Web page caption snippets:
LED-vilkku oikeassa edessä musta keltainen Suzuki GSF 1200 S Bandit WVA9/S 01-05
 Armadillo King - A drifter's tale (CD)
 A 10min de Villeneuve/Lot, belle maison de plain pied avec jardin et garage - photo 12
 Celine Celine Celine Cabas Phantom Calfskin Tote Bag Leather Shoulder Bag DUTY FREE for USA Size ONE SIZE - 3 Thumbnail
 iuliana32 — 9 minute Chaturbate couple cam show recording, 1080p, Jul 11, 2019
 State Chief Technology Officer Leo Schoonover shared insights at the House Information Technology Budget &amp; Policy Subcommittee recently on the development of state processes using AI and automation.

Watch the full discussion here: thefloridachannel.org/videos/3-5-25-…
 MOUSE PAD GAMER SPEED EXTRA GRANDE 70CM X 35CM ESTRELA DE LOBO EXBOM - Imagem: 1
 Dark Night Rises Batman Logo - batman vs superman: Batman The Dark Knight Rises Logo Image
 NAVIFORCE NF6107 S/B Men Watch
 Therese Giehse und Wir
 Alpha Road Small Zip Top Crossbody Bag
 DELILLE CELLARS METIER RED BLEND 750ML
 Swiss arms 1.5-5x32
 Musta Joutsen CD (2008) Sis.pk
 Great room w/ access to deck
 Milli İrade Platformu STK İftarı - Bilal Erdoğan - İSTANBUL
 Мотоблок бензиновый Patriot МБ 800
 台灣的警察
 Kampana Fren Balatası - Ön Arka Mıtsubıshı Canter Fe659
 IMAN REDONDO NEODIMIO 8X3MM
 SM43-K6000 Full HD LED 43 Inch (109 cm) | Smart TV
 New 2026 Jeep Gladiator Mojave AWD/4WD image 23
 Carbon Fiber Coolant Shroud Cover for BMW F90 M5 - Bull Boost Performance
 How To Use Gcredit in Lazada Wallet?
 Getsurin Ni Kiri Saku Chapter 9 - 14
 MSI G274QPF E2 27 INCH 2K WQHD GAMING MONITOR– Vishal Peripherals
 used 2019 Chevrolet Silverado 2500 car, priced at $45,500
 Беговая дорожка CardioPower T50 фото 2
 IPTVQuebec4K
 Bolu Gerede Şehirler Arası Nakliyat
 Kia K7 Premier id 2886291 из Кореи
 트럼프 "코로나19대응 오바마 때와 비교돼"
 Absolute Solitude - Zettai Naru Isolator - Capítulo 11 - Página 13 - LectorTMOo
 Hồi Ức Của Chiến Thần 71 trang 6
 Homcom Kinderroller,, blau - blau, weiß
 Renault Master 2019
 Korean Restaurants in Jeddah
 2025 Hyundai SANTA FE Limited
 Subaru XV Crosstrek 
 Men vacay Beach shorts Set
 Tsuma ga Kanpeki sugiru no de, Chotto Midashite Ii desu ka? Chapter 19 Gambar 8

TASK: Please transcribe every entry above exactly as it appears.

ANSWER TO THIS PROBLEM:
LED-vilkku oikeassa edessä musta keltainen Suzuki GSF 1200 S Bandit WVA9/S 01-05
 Armadillo King - A drifter's tale (CD)
 A 10min de Villeneuve/Lot, belle maison de plain pied avec jardin et garage - photo 12
 Celine Celine Celine Cabas Phantom Calfskin Tote Bag Leather Shoulder Bag DUTY FREE for USA Size ONE SIZE - 3 Thumbnail
 iuliana32 — 9 minute Chaturbate couple cam show recording, 1080p, Jul 11, 2019
 State Chief Technology Officer Leo Schoonover shared insights at the House Information Technology Budget &amp; Policy Subcommittee recently on the development of state processes using AI and automation.

Watch the full discussion here: thefloridachannel.org/videos/3-5-25-…
 MOUSE PAD GAMER SPEED EXTRA GRANDE 70CM X 35CM ESTRELA DE LOBO EXBOM - Imagem: 1
 Dark Night Rises Batman Logo - batman vs superman: Batman The Dark Knight Rises Logo Image
 NAVIFORCE NF6107 S/B Men Watch
 Therese Giehse und Wir
 Alpha Road Small Zip Top Crossbody Bag
 DELILLE CELLARS METIER RED BLEND 750ML
 Swiss arms 1.5-5x32
 Musta Joutsen CD (2008) Sis.pk
 Great room w/ access to deck
 Milli İrade Platformu STK İftarı - Bilal Erdoğan - İSTANBUL
 Мотоблок бензиновый Patriot МБ 800
 台灣的警察
 Kampana Fren Balatası - Ön Arka Mıtsubıshı Canter Fe659
 IMAN REDONDO NEODIMIO 8X3MM
 SM43-K6000 Full HD LED 43 Inch (109 cm) | Smart TV
 New 2026 Jeep Gladiator Mojave AWD/4WD image 23
 Carbon Fiber Coolant Shroud Cover for BMW F90 M5 - Bull Boost Performance
 How To Use Gcredit in Lazada Wallet?
 Getsurin Ni Kiri Saku Chapter 9 - 14
 MSI G274QPF E2 27 INCH 2K WQHD GAMING MONITOR– Vishal Peripherals
 used 2019 Chevrolet Silverado 2500 car, priced at $45,500
 Беговая дорожка CardioPower T50 фото 2
 IPTVQuebec4K
 Bolu Gerede Şehirler Arası Nakliyat
 Kia K7 Premier id 2886291 из Кореи
 트럼프 "코로나19대응 오바마 때와 비교돼"
 Absolute Solitude - Zettai Naru Isolator - Capítulo 11 - Página 13 - LectorTMOo
 Hồi Ức Của Chiến Thần 71 trang 6
 Homcom Kinderroller,, blau - blau, weiß
 Renault Master 2019
 Korean Restaurants in Jeddah
 2025 Hyundai SANTA FE Limited
 Subaru XV Crosstrek 
 Men vacay Beach shorts Set
 Tsuma ga Kanpeki sugiru no de, Chotto Midashite Ii desu ka? Chapter 19 Gambar 8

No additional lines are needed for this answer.